__AIM OF THE TASK__: Every line from the one containing "Mohey Women Radiant Blue Elegance Lehenga" to the one containing "3 Pc Emerald" in the records below, both included, must be set down exactly, and no other line.

__DATASET CONTENT__:
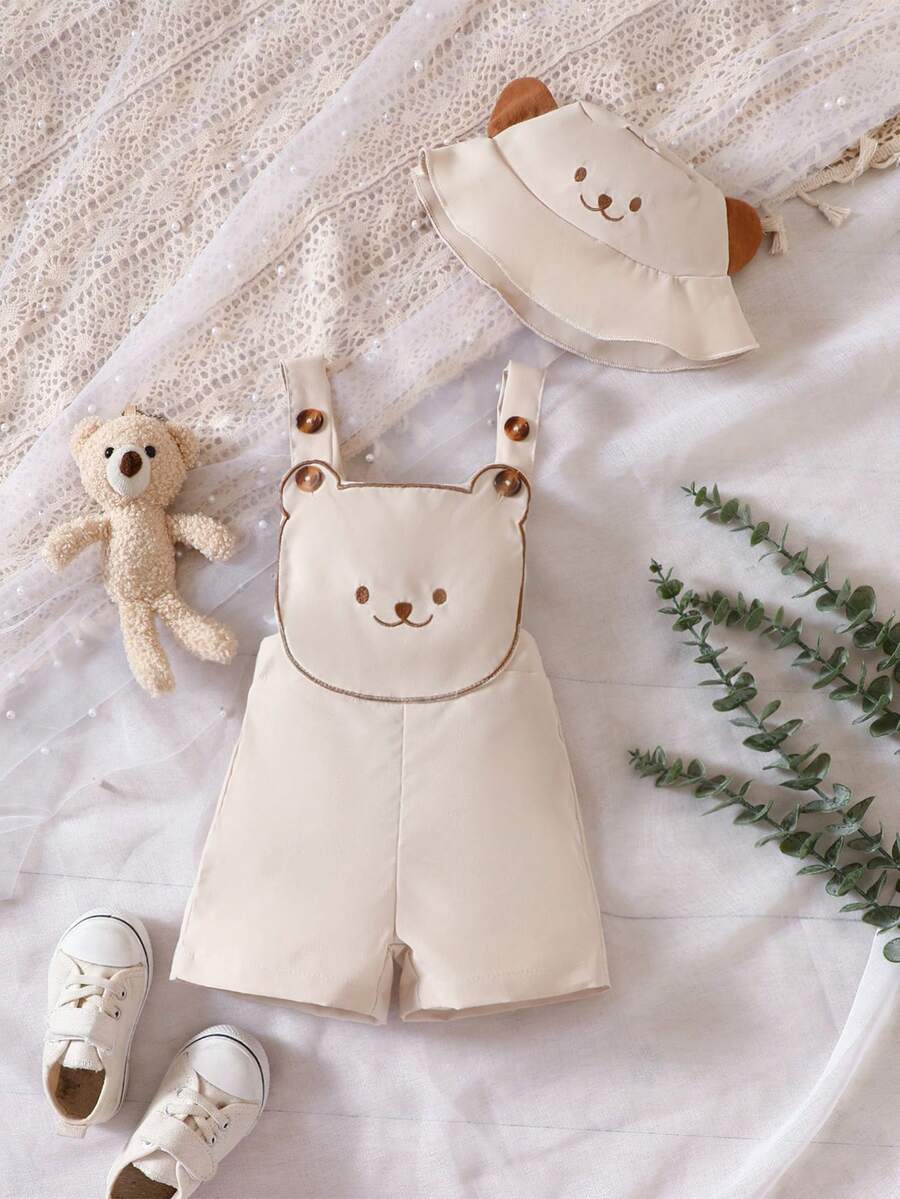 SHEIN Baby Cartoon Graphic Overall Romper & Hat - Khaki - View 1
--
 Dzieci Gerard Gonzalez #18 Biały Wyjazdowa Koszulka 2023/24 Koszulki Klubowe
...
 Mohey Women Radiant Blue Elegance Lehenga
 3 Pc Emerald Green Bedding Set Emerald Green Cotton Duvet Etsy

__OUTPUT OF THE TASK__:
 Mohey Women Radiant Blue Elegance Lehenga
 3 Pc Emerald Green Bedding Set Emerald Green Cotton Duvet Etsy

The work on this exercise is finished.